It’s January. People make resolutions which inevitably include losing weight and exercising more. Newspapers and magazines are full of articles about the 10 ways to start running or 5 foods to eat instead of cake. The intentions are noble and grand; the tone of these articles at times seem condescending, but if it inspires someone, then it’s all for the good.
Except, apparently, women in the UK aged 14-40 are not exercising. Sport England conducted extensive research to find out that 2 million fewer women than men regularly participate in sports. Worryingly, there doesn’t seem to be such a big disparity in other European countries. They heard that one of the main reasons is that of body image and fear of judgement. With that in mind, they launched a campaign called this girl can:
to inspire women to wiggle, jiggle, move and prove that judgement is a barrier that can be overcome
The campaign includes videos showing real women of all ages, shapes and sizes exercising and enjoying the exercise. The beat of Missy Eliott’s Get Ur Freak On is combined with catchy inspiration quotes like “I jiggle, therefore I am” and “hot and not bothered” to get the inactive off their couches.
There are criticisms for the campaign. The ads have been described as clumsy and and having some of the worst typographic design you’ve seen in ages. The Guardian is disappointed that the campaign still plays into the norms of objectifying female flesh by referring to women of all ages as girls and using the familiar video formula
where highly mobile, athletic female bodies are performing for a male audience
I think that any campaign that gets people exercising and watching their health is a good thing. Healthcare shouldn’t be just about curing illness; it should also focus on improving health to prevent illness. Not enough money, resources or focus goes to the latter. With binge drinking in women increasing at an alarming rate, any effort to get them from the pub to the gym is worthwhile.
Will the campaign succeed? Let’s hope so. It needs more positive images and messages. I guess they had to use innuendos like “I kick balls” to grab attention when they should have focused on the friendship and camaderie of participating in a team sports. I like the one of the cyclist lapping everyone on the couch. I also like the one where a mum exercises in the living room with her kids [youtube]. There should be more emphasis on the benefits of exercise besides looks.

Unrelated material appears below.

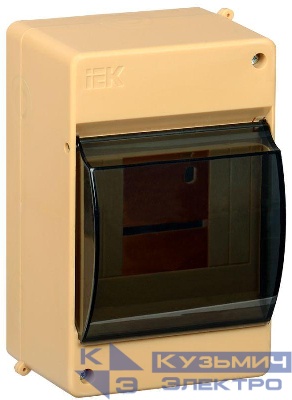 Корпус ОП КМПн 2/4 Krepta 3 IP30 для 4-х авт. выкл. прозр. крышка пластик. сосна IEK MKP42-N-04-30-12-S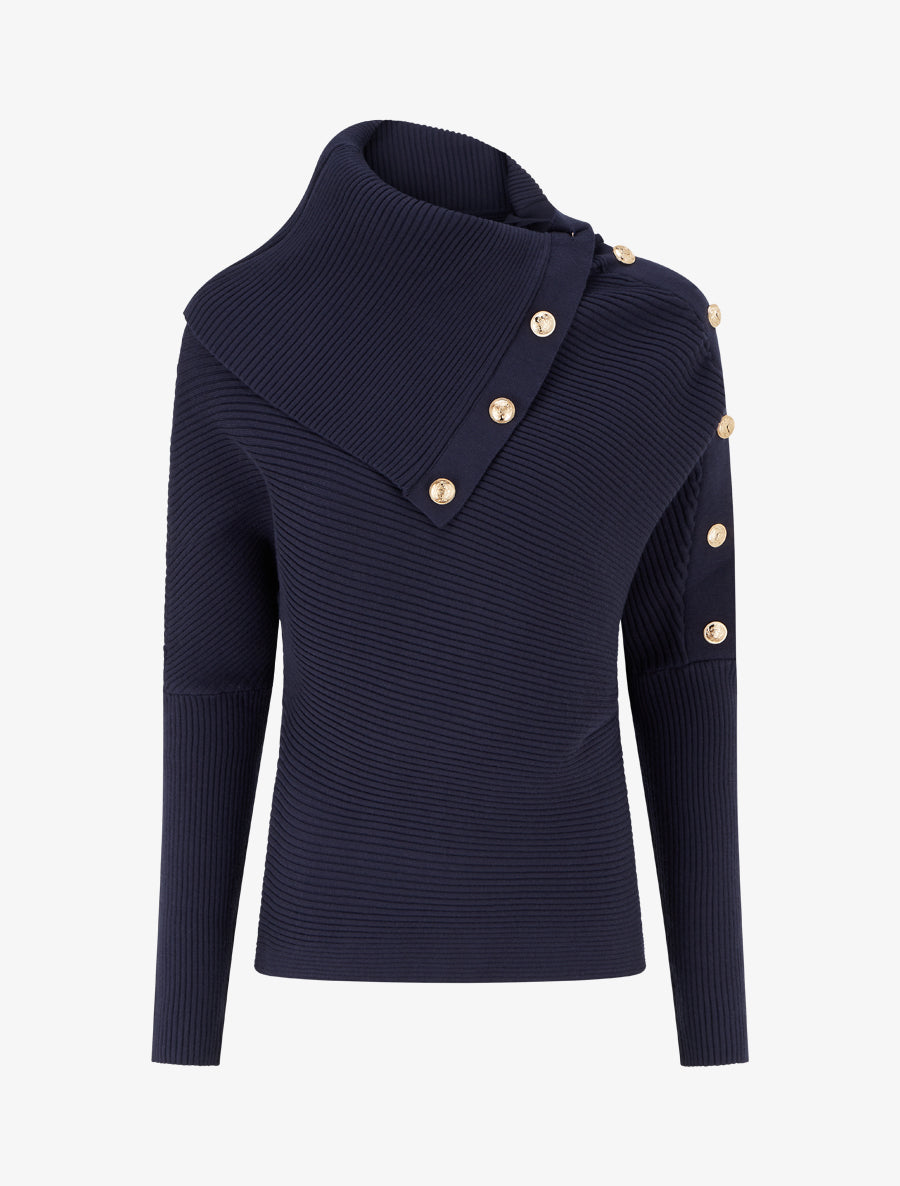 Pull uni à col roulé stylisé - Marine - 1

Will it change people’s attitude towards body image? That’s a longer battle to fight. I never understand the issues behind body image concern, although I know plenty of people who are worried about how other people see and judge them. I’m puzzled at why, for instance, mum spends so much money on eye gel, goes for dubious skin treatments and stands in front of the mirror for what seems like hours before going out. I try to tell her that no one on the street will give a damn about how her, and why on earth is she bothered about what the shop assistant thinks. I’ve come to the conclusion that people believe certain things and act in certain ways because they themselves are like that—people who are afraid of being judged on how they look are the ones who are guilty of judging others. This type of attitude is what needs to change.
Anyway, I have 6 miles to run this weekend. In my tatty t-shirt and cheap shorts. I will end up covered in sweat with my hair like a rat’s nest underneath my cap. I won’t look at anyone and I don’t think anyone will look at me.